TASK DETAILS ::
Each entry below should be printed exactly, with every image left out.
====== DATA UNDER STUDY
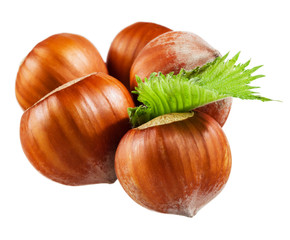 Hazelnuts with leaves on white background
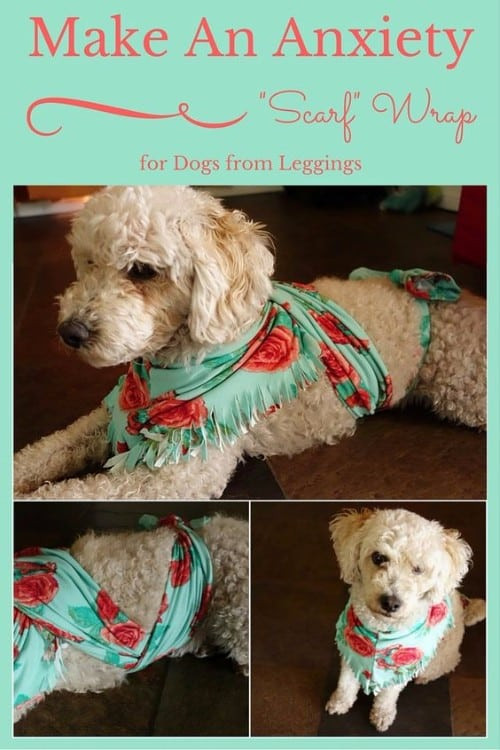 Best ideas about Dog Anxiety Wrap DIY
. Save or Pin Dog Anxiety Wrap DIY Scarf Tutorial Easy Video Instructions Now.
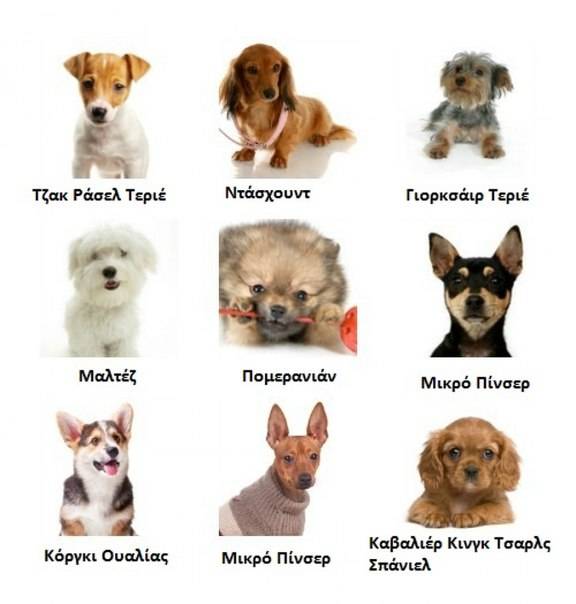 Маленькие породы собак: породы, особенности, характеристики. самые маленькие собачки в мире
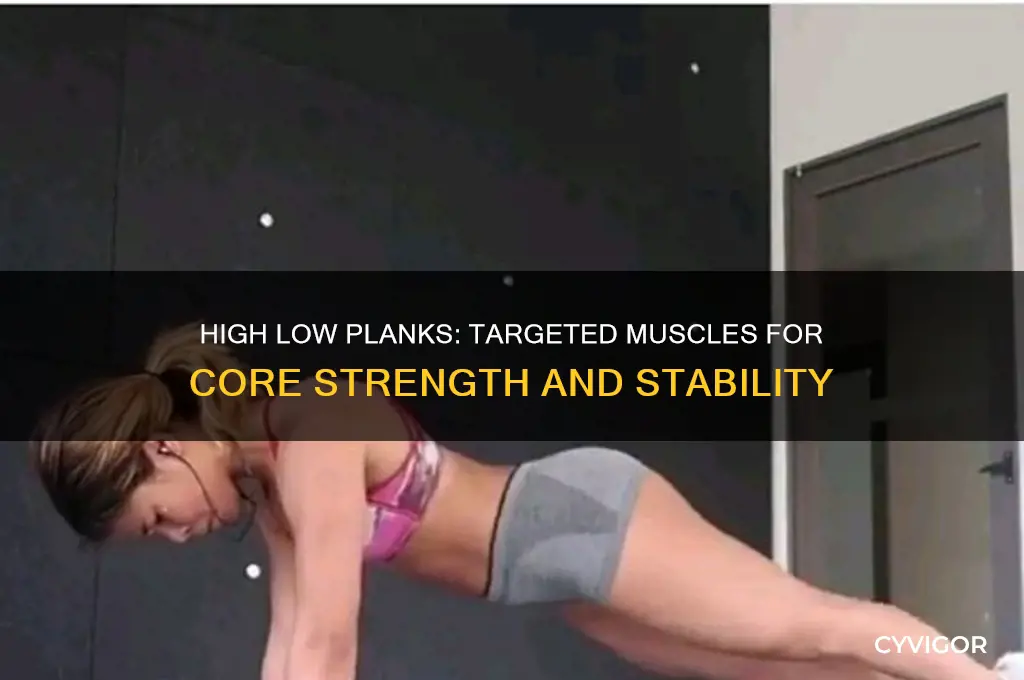 what muscles do high low planks work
============
WRITTEN SOLUTION ::
 Hazelnuts with leaves on white background
 Best ideas about Dog Anxiety Wrap DIY
. Save or Pin Dog Anxiety Wrap DIY Scarf Tutorial Easy Video Instructions Now.
 Маленькие породы собак: породы, особенности, характеристики. самые маленькие собачки в мире
 what muscles do high low planks work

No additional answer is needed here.